Health Probes: - Liveness: GET /health (30s interval) - Readiness: GET /health (10s interval) - Startup: GET /health (5s interval, 60s timeout)

Scaling: - Preview: 1-3 instances (CPU > 75% triggers scale-up) - Production: 2-5 instances (CPU > 70% triggers scale-up)

Resources: - Preview: 0.5 CPU, 1GB memory per instance - Production: 1.0 CPU, 2GB memory per instance

Worker Service Configuration

Image: Same as web service

Command Override: /code/scripts/start-worker-azure.sh

Environment Variables: Same as web service (shares configuration)

Scaling: - Preview: 1-2 instances (CPU > 80% triggers scale-up) - Production: 1-3 instances (CPU > 75% triggers scale-up)

Resources: - Preview: 0.5 CPU, 1GB memory per instance - Production: 1.0 CPU, 2GB memory per instance

Database (PostgreSQL)

Configuration

Version: PostgreSQL 15 Extensions: pgvector (for vector similarity search) Tier: - Preview: Burstable (B1ms, 1 vCore, 2GB RAM) - Production: General Purpose (D2s_v3, 2 vCores, 8GB RAM)

Backup: - Retention: 7 days (preview), 30 days (production) - Geo-redundant: No (preview), Yes (production)

Networking: - Public access: Disabled - Private endpoint: Connected to Container Apps virtual network - Firewall: Allow Azure services

Database Schema

Managed by Alembic migrations in slidefactory-core package.

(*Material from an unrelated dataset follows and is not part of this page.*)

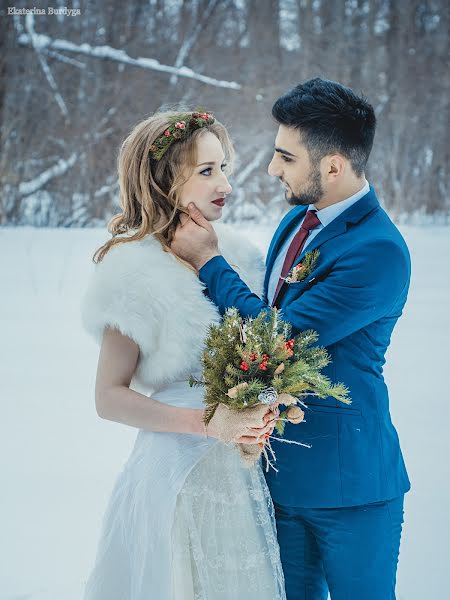 Wedding photographer Ekaterina Burdyga (burdygakat). Photo of 13 January 2016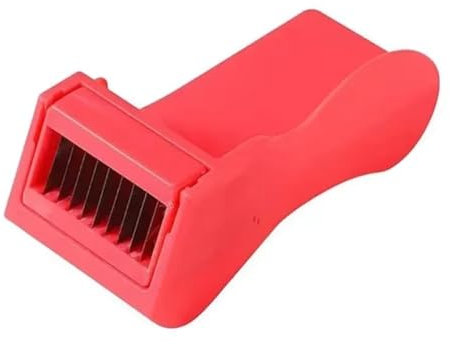 TsoLay Trancheuse de Haricots Verts Coupe-Fruits Râpe Universelle pour la Cuisine à Domicile.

Key tables: - users - User accounts - api_keys - API authentication - templates - PowerPoint templates - n8n_processes - N8N workflow executions - context_documents, context_chunks - Document storage with vector embeddings

Maintenance

Automatic: - Minor version updates: Enabled - Maintenance window: Sunday 02:00-06:00 UTC

Manual: - Major version upgrades: Requires manual planning - Index maintenance: Automatic via PostgreSQL autovacuum

Redis Cache

Configuration

Version: Redis 6.x Tier: - Preview: Standard C1 (1GB) - Production: Standard C2 (2.5GB)

Usage: - Session storage (user sessions) - Celery broker (task queue) - Celery result backend (task results) - Application caching

Networking: - Public access: Disabled - Private endpoint: Connected to Container Apps virtual network - TLS: Required

Eviction Policy: allkeys-lru (least recently used)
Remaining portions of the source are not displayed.